Sunday, October 23, 2011

Family members of vets who commit suicide seek understanding

Sometimes, it doesn't matter how much you know or understand. Sometimes, it doesn't matter if you get everything right but they still end up losing so much hope they end their own lives. I know. It happened when my husband's nephew, another Vietnam Vet, took his own life in a motel room. It didn't matter how much I knew about PTSD or how hard I tried to talk to him. He just didn't want to listen. To this day his death haunts me. All of the "would, could and should" questions still come up every now and then. Maybe losing him pushes me past the place where I want to stop doing this but then I think of how my own husband is still here, and I know there are many more who can still be saved.

Family members of vets who commit suicide seek understanding
October 22, 2011 8:38 PM
RYAN MAYE HANDY
THE GAZETTE
Sgt. Nick Pansini did not come home to die.

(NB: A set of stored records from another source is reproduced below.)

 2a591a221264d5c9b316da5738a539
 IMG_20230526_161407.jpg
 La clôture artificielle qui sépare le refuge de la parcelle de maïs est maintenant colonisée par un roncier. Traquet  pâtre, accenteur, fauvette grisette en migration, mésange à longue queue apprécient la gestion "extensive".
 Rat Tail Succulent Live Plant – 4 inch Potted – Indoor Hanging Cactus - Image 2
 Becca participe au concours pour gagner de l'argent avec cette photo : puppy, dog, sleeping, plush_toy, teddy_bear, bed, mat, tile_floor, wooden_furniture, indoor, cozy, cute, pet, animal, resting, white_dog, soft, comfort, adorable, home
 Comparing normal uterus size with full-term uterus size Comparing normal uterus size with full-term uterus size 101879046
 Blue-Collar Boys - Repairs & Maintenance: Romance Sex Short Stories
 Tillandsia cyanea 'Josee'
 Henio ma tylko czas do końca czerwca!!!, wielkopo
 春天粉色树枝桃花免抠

Pansini, from Littleton, joined the Marines 5th Air Naval Gunfire Liaison Company (ANGLICO) after he finished high school in 2005. After three years in Okinawa and tours in Iraq in 2008 and 2009, he was ready to return to civilian life.

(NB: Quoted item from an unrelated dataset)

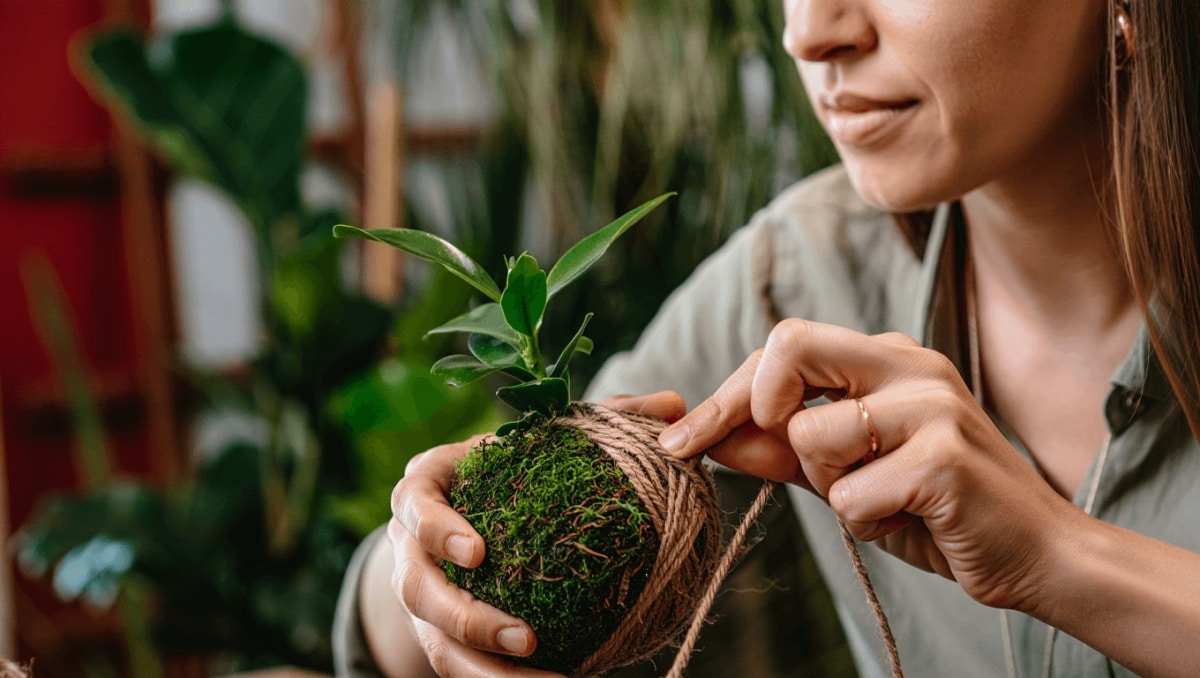 kokedama decorativa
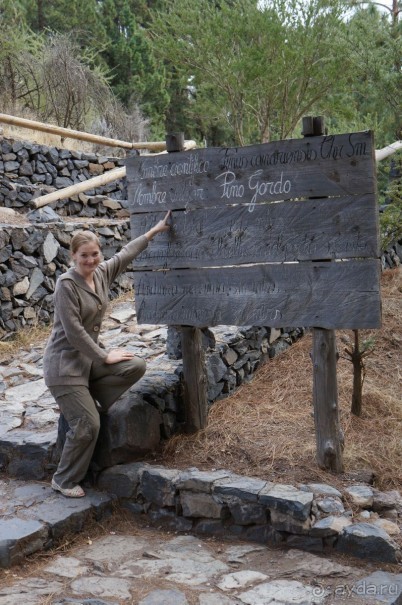 Прогулка по кратеру вулкана Тейде Прогулка по кратеру вулкана Тейде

He got a job, a girlfriend and dog, and filled his spare time by riding his mountain bike and putting together two hot rod cars. Nick’s father, Joe Pansini, thought his son had moved on from his war experiences, and was keeping busy.

He learned later that there was one thing Nick was not doing.

“At what point did he deal with his war experience? He did not,” Joe said on Saturday.

Nick Pansini shot himself in his own home in Littleton on July 22, 2010. He was 23 years old and had been out of the Marines for about a year.